──────── Task input
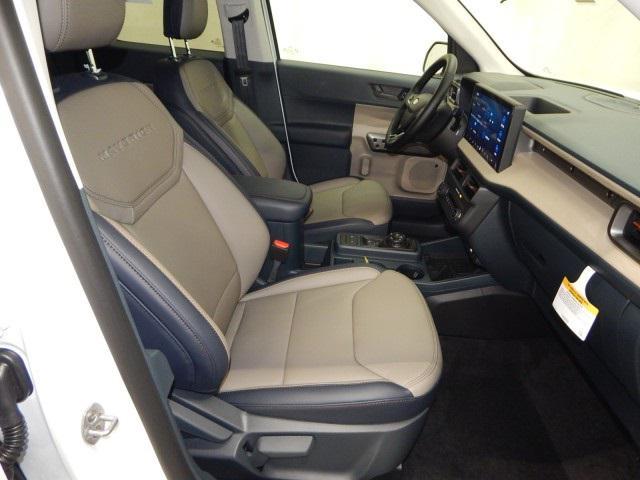 new 2025 Ford Maverick car, priced at $37,980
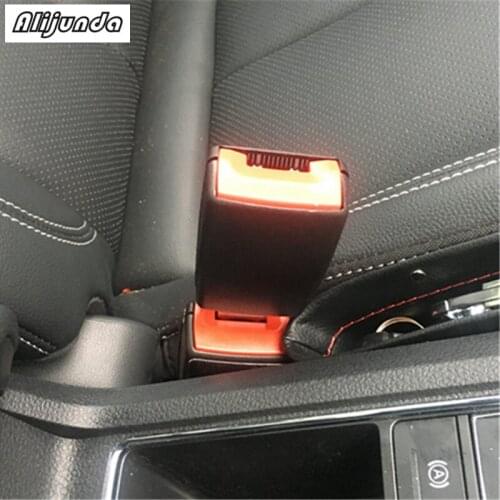 21mm Universal Car Safety Belt Buckle Extender Automotive Connector Safety Buckle Extender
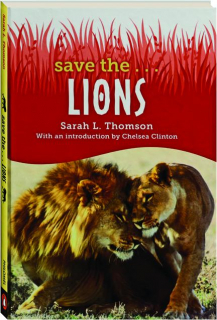 SAVE THE LIONS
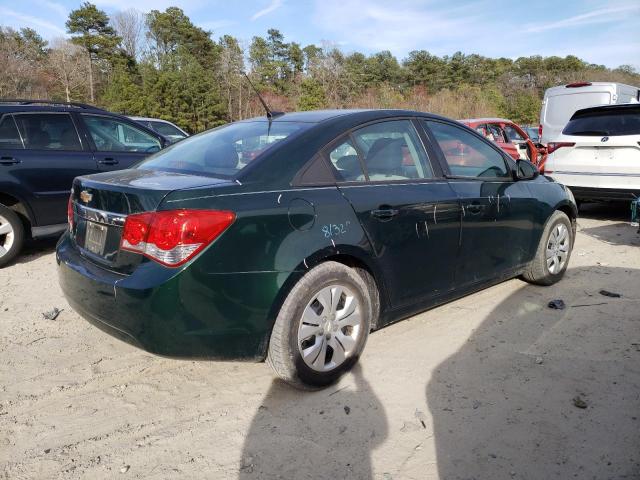 Obraz 3 z 2014 CHEVROLET CRUZE LS 2014 z VIN 1G1PA5SG1E7392190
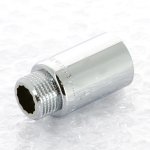 Удлинитель Uni-Fitt 1/2" ВН 40 мм хромированный 657C2040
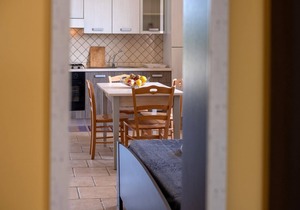 Apartment 'Villa Maddalena - Monolocale 3' close to the Sea with Garden & Wi-Fi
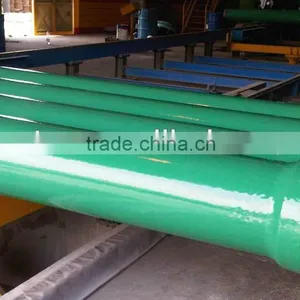 Polyurethane Coating Ductile Iron Pipe thumbnail-1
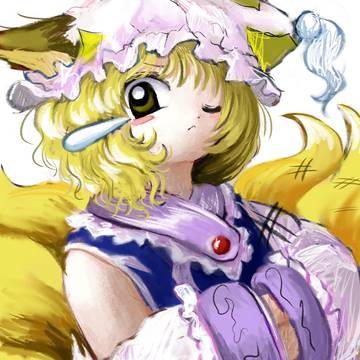 東方イラストまとめ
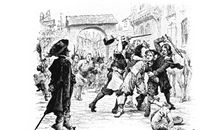 三个火枪手_900字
────────────────
What you need to do: Omit the pictures. Transcribe every record exactly.

Exercise response:
 new 2025 Ford Maverick car, priced at $37,980
 21mm Universal Car Safety Belt Buckle Extender Automotive Connector Safety Buckle Extender
 SAVE THE LIONS
 Obraz 3 z 2014 CHEVROLET CRUZE LS 2014 z VIN 1G1PA5SG1E7392190
 Удлинитель Uni-Fitt 1/2" ВН 40 мм хромированный 657C2040
 Apartment 'Villa Maddalena - Monolocale 3' close to the Sea with Garden & Wi-Fi
 Polyurethane Coating Ductile Iron Pipe thumbnail-1
 東方イラストまとめ
 三个火枪手_900字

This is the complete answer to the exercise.